On Twitter, about 10% of general-topic tweets contain emoji characters, the tiny icons and emoticons, which are starting to get more attention when analyzing tweets, Facebook messages, or text messages. An emoji  can capture an emotion or completely change the meaning of the written text. Before exploring how different emojis are used and what they mean to people, I wanted to get an idea of how prevalent they are and which ones are the most popular on Twitter.
How I Did This
I collected tweets using a sampled stream from Twitter. In order to get a general representative sample of tweets, I tracked five popular, basic words: ‘the’, ‘and’, ‘to’, ‘you’, and ‘it’. These words are good search words, since there aren’t many sentences or thoughts that don’t use them. A Python script was used to find and count all the the emojis present in a collection of over 100,000 tweets. To avoid skewing due to a popular celebrity or viral tweet, I removed any retweets which were obvious retweets, and not retweets which function more like mentions.
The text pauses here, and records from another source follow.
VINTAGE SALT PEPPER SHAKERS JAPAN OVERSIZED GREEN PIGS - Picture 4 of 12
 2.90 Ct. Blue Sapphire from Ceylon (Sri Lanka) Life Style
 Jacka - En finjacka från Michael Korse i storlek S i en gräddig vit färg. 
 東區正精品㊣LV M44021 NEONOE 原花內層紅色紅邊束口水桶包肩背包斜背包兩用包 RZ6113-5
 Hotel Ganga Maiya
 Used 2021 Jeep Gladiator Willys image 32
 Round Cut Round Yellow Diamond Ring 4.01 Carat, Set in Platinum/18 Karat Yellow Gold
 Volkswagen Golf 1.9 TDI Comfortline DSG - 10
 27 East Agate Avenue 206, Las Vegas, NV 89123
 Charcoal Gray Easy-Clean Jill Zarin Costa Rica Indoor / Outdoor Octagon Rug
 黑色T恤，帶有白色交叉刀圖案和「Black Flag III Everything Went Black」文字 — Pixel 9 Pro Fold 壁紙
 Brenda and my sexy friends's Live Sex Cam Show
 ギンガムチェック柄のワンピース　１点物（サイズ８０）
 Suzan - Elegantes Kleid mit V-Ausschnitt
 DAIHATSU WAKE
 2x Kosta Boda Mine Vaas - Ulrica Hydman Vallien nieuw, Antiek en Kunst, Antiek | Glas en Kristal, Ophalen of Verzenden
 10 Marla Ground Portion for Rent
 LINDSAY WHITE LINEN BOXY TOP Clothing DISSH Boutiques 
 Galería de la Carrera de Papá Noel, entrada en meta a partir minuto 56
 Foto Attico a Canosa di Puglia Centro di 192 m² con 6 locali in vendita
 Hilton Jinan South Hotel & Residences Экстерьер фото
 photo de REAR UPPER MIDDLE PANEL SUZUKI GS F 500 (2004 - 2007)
In the general collection of tweets, I found that 10.23% of tweets contained at least one emoji. So there isn’t an overwhelming number of tweets which contain an emoji, but 10% of Twitter content is a significant portion. The ‘Emoji Selection’ graph shows the percentage of tweets containing that particular emoji out of the tweets that HAD an emoji in it. The most popular emoji by and far was the ‘tears of joy’ emoji followed by the ‘loudly crying’ emoji . Heart-related emoji [the ones I thought would prove most popular] was third and fourth.
Since I only collected these over the course of a day and not over several weeks or months, I would be hesitant to think these results would hold up over time. An event or seasonality can trigger a cascade of people using a certain emoji. For example, the Christmas tree emoji was popular being present in 2.16% of tweets that included emojis; this would be expected to get larger as we get closer to Christmas and smaller after Christmas. Another interesting find is that the emoji ranks high. My pure conjecture is that this emoji’s high use rate is due to protests in Ferguson and around the country. To confirm this I would need a sample of tweets from before the grand jury announcement or track the use as time passes.
Further analysis could utilize emoji groups or clusters. Emojis with similar meanings would not necessarily produce a high number if people spread their selection over 5 emoji instead of one. I plan to update this and expand on this as time passes and I’m able to collect more data.
In order to avoid any conflicts with ASCII conversions that some Python or R packages do on Twitter data, I stored tweets from the Twitter Streaming API directly into a MongoDB database, which encodes strings in UTF-8. Since tweets come from the API as a JSON object, they can be naturally stored in the document-orientated database with each metadata field in the tweet being accessible without parsing the entire tweet into a data frame or SQL database. Retweets were removed by finding any tweets with ‘RT’ in the first two characters of the text entry. This is how Twitter represents automatic retweets in JSON format.
Also since I collected 103,416 tweets the margin of error for any of the proportions given are well below 1%. Events within the social network would definitely outweigh any margin of error.